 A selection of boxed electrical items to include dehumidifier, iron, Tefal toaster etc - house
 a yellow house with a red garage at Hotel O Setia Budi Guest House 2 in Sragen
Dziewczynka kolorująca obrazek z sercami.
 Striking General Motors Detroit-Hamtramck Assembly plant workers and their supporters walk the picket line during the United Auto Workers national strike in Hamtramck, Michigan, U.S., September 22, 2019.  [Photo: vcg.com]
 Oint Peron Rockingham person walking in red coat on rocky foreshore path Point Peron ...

==

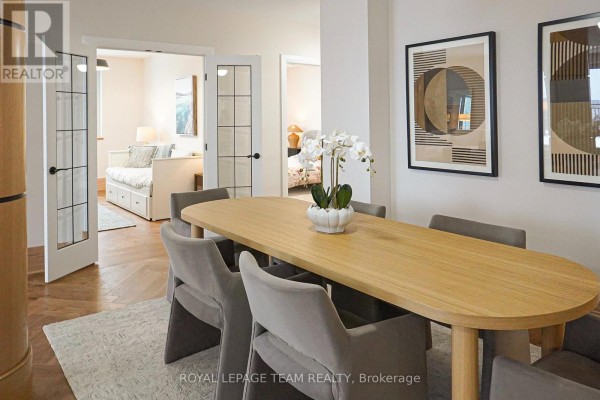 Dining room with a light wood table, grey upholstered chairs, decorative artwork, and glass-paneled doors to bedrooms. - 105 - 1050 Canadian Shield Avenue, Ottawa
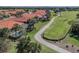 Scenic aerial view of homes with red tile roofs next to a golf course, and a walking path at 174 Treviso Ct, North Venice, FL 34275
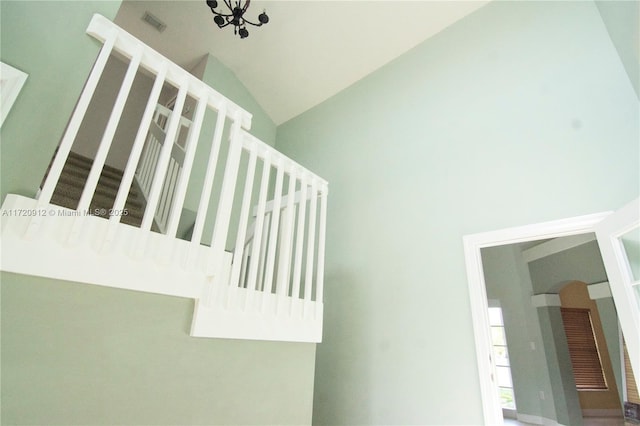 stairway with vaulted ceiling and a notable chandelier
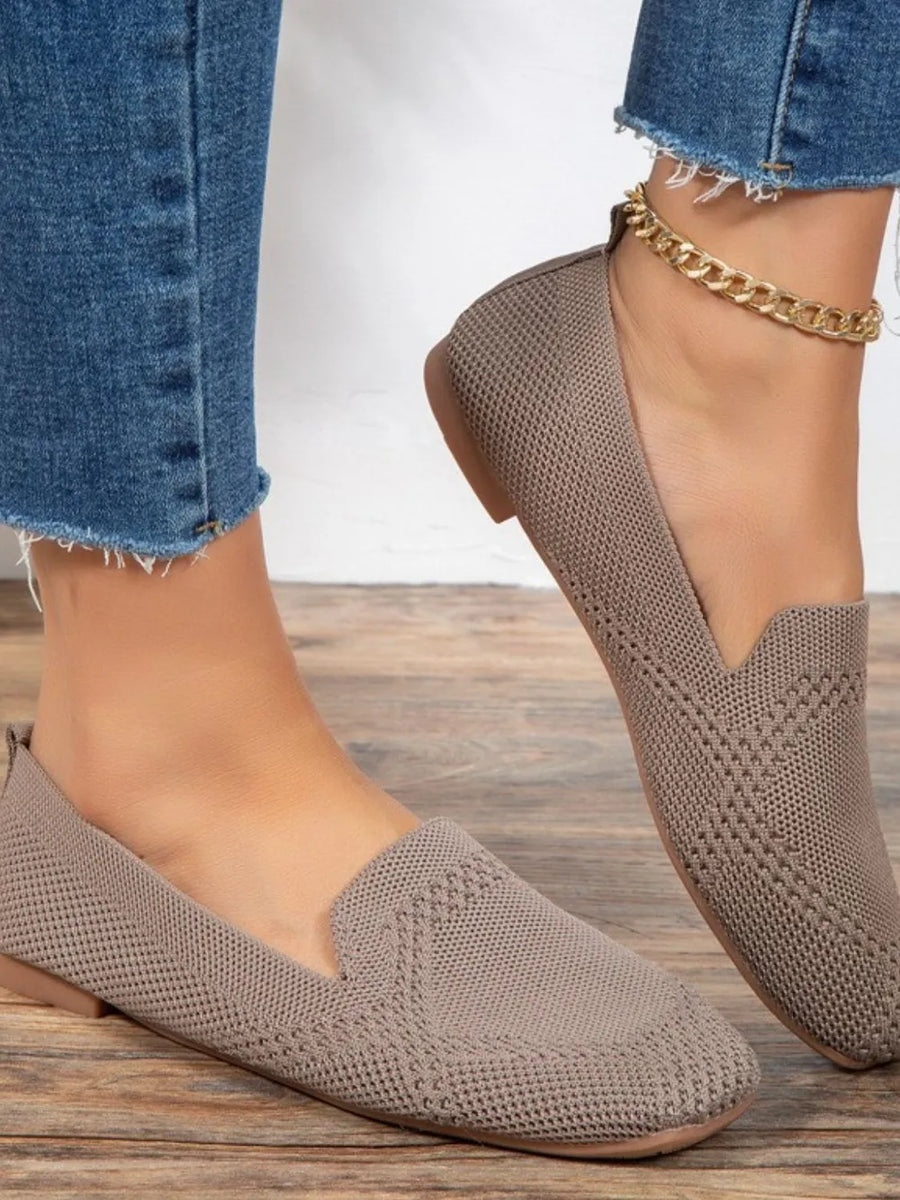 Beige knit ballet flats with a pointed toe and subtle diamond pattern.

* [Assignment]:
Respond with the exact lines above running from the one containing "stairway with vaulted" to the one containing "Beige knit ballet", both ends kept and no pictures included.

* [Problem solution]:
 stairway with vaulted ceiling and a notable chandelier
 Beige knit ballet flats with a pointed toe and subtle diamond pattern.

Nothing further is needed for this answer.